Opinião

É urgente cultivar conceitos de honra e comprometimento

Luciano Rocha

Honra, comprometimento, vergonha, dever são, entre tantos outros, vocábulos que têm vindo a perder sentido nas sociedades consumistas caracterizadas e avaliadas pelas aparências, nas quais o lema norteador é o enriquecimento a qualquer custo.

Em Angola, longe vai o tempo em que palavra dada era mais importante do que documento assinado hoje. Com ela não se voltava atrás. Ai de quem o fizesse sem justificação plausível, de preferência atempada.  Passava a ser pessoa desonrada, indigna de aperto de mão. Tempos houve que alguns casos culminavam com duelos. Desses não me lembro, ainda cá não andava neste mundo. Conheço-os de estórias, mas recordo-me do livro  de vales nas mercearias de bairro, com pagamento no fim do mês e igualmente de outro, cujo nome não me lembro, sem papel químico, como o primeiro, onde o dono da loja também apontava a dívida. Era estreito e comprido, quase sempre com o fiado a ser saldado  ao sábado. Nestes procedimentos simples havia honra.

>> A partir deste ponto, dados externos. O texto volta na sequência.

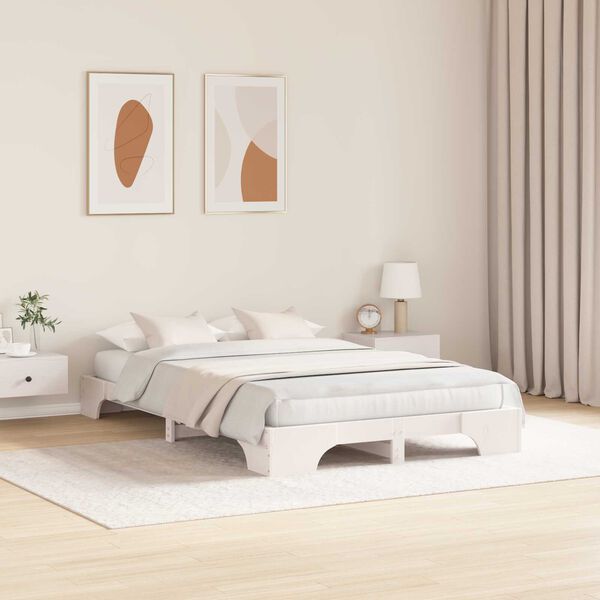 vidaXL Κρεβάτι Λευκό Ξύλο 140 x 190 cm Κρεβάτι Ορθογώνιο Μοντέρνο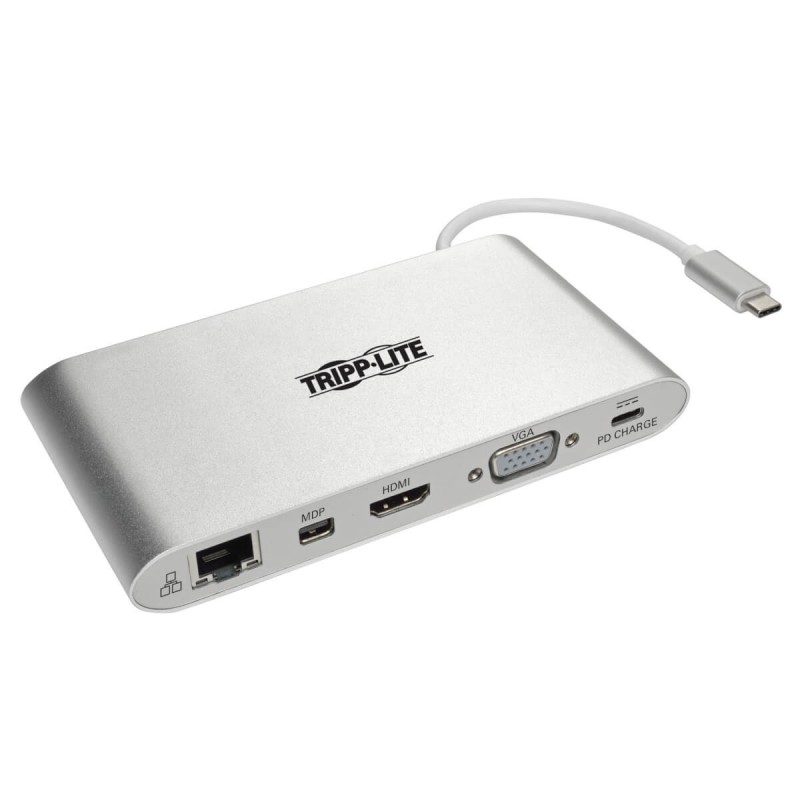 Tripp Lite U442-DOCK1 station d'accueil Avec fil USB 3.2 Gen 1 (3.1 Gen 1) Type-C Argent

Como havia honra de quem aceitava um emprego, um cargo. Jamais passava pela cabeça de alguém desonrar o compromisso, o salário ganho com trabalho honrado. Muito menos justificar eventual fraco rendimento laboral, como o que recebia ao fim do mês por muito pouco que fosse.

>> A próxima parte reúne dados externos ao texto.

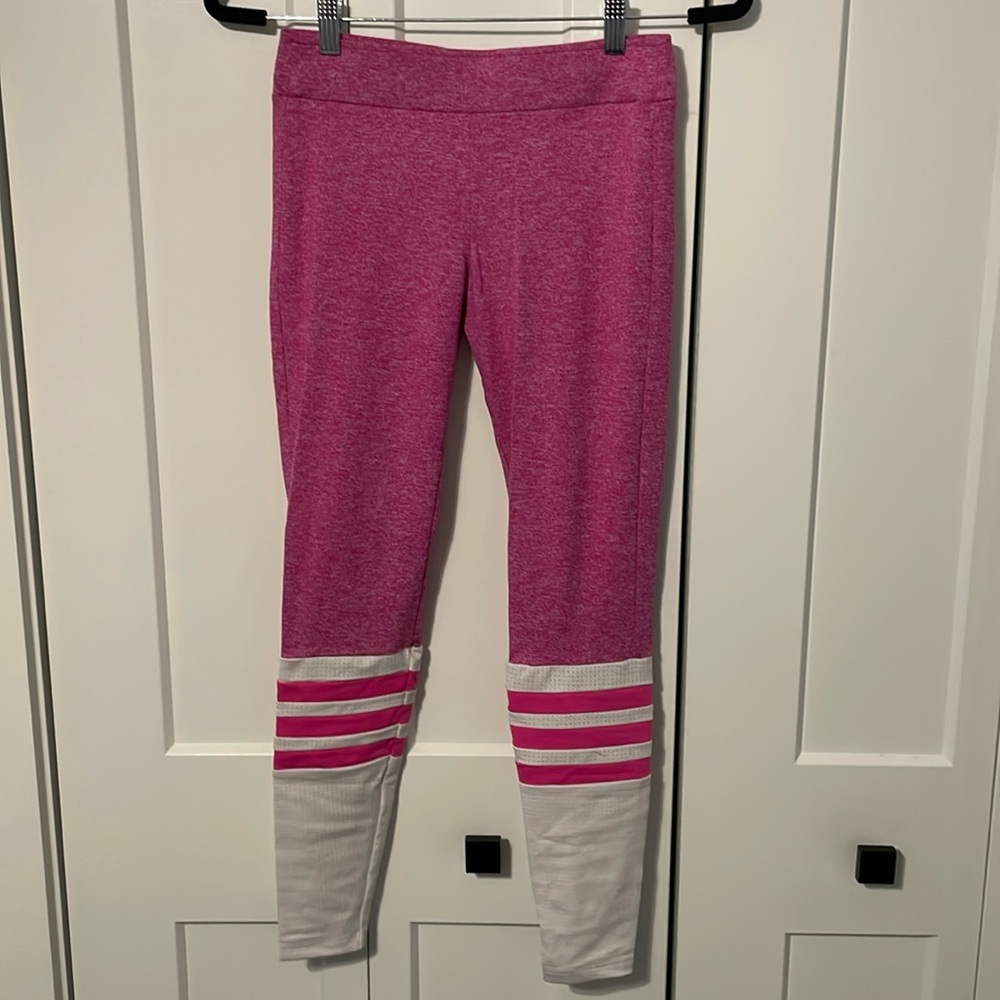 Bombshell Sportswear pink and white Leggings – Size Medium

Por isso, muitos de nós, crianças e adolescentes da minha geração, vestiram camisas passajadas, calções remendados, quedes quase sem solas, sandálias “mil vezes” consertadas nos sapateiros de bairro. Os nossos pais, na maioria, não tinham carro, que era luxo ao alcance de poucos. Andavam a pé ou, quando muito, de maximbombo, com passe mensal.

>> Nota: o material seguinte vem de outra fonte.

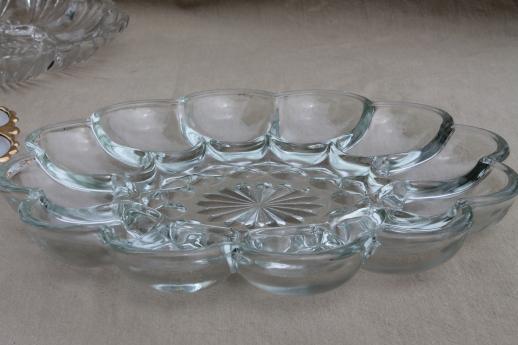 vintage glass egg plates, clear glass deviled egg trays, milk glass divided egg plate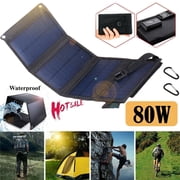 MDHAND 80W Foldable Portable Solar Panel with USB Port for Outdoor Camping RV Travel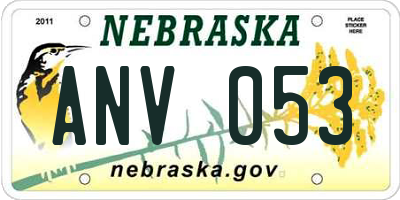 NE license plate ANV053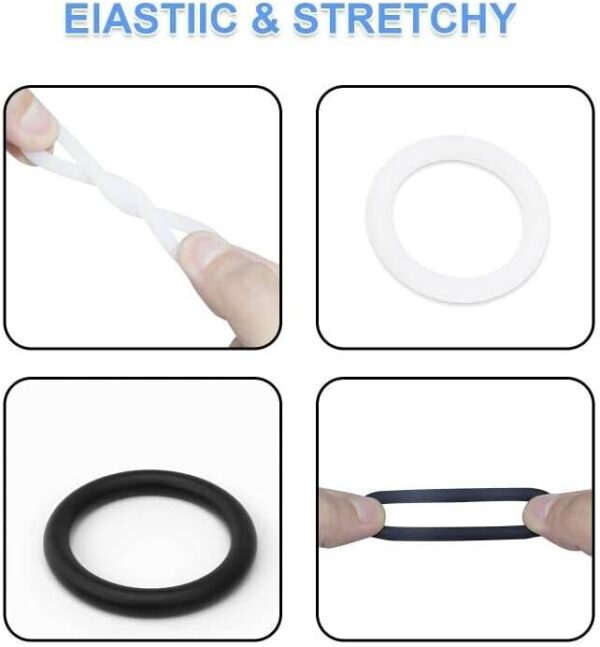 Penis Ring Cock Ring Set for Men Sex, PATTNIUM Longer Harder Stronger Erection Cock Ring for Sex Men Erection Enhancing and Orgasm Sex Toy ( Black & Clear ) - Image 5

Já escrevi mais do que uma vez, mas volto a fazê-lo, não tenho saudades desses tempos de dificuldades tantas, mas enoja-me ver diluir-se, cada vez mais, o sentido de honra, do compromisso, da vergonha. Gente capaz de tudo, até de vender corpo e alma, para levar uma vida a que não tem direito.
Todos conhecemos casos - são tantos que é difícil não dar por eles - de pessoas que, na corrida  desenfreada atrás do “deus dinheiro”, ocupa cargos para as quais não estão minimamente preparadas. Muitas deles conseguidos pelo túnel escorregadio e envenenado do nepotismo de várias vestimentas, mas outros, é bom sublinhar, por lhes ter sido reconhecidas potencialidades, que nem sempre conseguiram fazer crescer.  Mesmos estes, raramente tiveram a dignidade de apresentar a demissão. E foram-se arrastando nos lugares, incapazes de abdicar de hábitos e vícios que foram adquirindo. Pelo dinheiro, pela vaidade, deixaram-se vestir pela desonra.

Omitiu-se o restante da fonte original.